Head and Neck Cancer

Head and Neck Cancer Overview

Head and neck cancers are malignant tumors that affect the neck, throat, sinuses, nose, or mouth.

These cancers can arise from the glands in your head and neck, from the cells in your sinuses, or other tissues in the area. However, the most common head and neck cancers are squamous cell carcinomas, which arise from the thin layers of cells that line the inside of your mouth, throat, nose, and larynx (voice box).

The main types of head and neck cancers are named for the part of the body that they arise from:

  • Oral cavity cancer (mouth)
  • Oropharyngeal cancer (middle part of the throat, including the tonsils)
  • Hypopharyngeal cancer (lower part of the throat)
  • Nasopharyngeal cancer (upper part of the throat, behind the nose)
  • Laryngeal cancer (voice box)
  • Nasal cavity and paranasal sinus cancer

Risk factors for developing head and neck cancer include tobacco use (including smoking and chewing tobacco), heavy alcohol use, certain strains of human papillomavirus (HPV), prolonged sun exposure (for lip cancer), and a history of Epstein-Barr virus (for nasopharyngeal cancer).

photo of head and neck surgeon ameya jategaonkar performing head and neck cancer surgery in an operating room at barrow neurological institute in phoenix arizona

Head and Neck Cancer Symptoms

Symptoms of head and neck are dependent on the kind of cancer and what part of the head and neck it is affecting. Generally speaking, the following symptoms can be associated with cancer of the head and neck:

  • Persistent sore throat that does not go away or gets worse over time
  • Unexplained lumps or sores in the oral cavity or throat that grow, are painful, and do not heal over time
  • New lumps or masses in the neck that do not go away over a short period of time
  • Changes in your voice
  • Difficulty or pain with swallowing that does not get better
  • Redness, irritation, or bleeding that affects your tongue, gums, or other parts of your mouth or throat
  • Swelling around the face or jaw, difficulty chewing or swallowing
  • Headaches, recurring sinus infections, frequent nosebleeds, swelling around the eyes or the upper jaw
  • Trouble breathing
  • Ringing in the ears (tinnitus), pain in the ears, and hearing difficulty

Head and Neck Cancer Treatments

Treatments for head and neck cancers can depend on the type of cancer, where it is located, and other factors. Typically, head and neck cancer treatments can be grouped into three broad areas and can involve any one or a combination of the three treatment methods. 

Surgical Treatment

Surgical treatment aims to remove as much of the head and neck tumor from the body as possible. Total surgical removal of a cancerous head and neck tumor is associated with the best prognosis, but this is not always possible if the tumor has invaded surrounding healthy tissue or if total removal would significantly impair your quality of life. 

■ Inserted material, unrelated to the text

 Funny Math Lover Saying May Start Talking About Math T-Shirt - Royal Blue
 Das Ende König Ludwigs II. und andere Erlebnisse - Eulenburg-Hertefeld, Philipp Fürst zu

Reconstructive surgery may also play a role in restoring both appearance and function after tumor removal

The surgical treatment of head and neck cancers is usually led by an otolaryngologist-head and neck surgeon.

Radiation Therapy

Radiation therapy, also called radiation oncology, is used to destroy head and neck cancer cells. Precise beams of radiation are aimed at the tumor to destroy as many cancerous cells as possible while sparing nearby health tissue. 

Not all head and neck cancers respond to radiation therapy.  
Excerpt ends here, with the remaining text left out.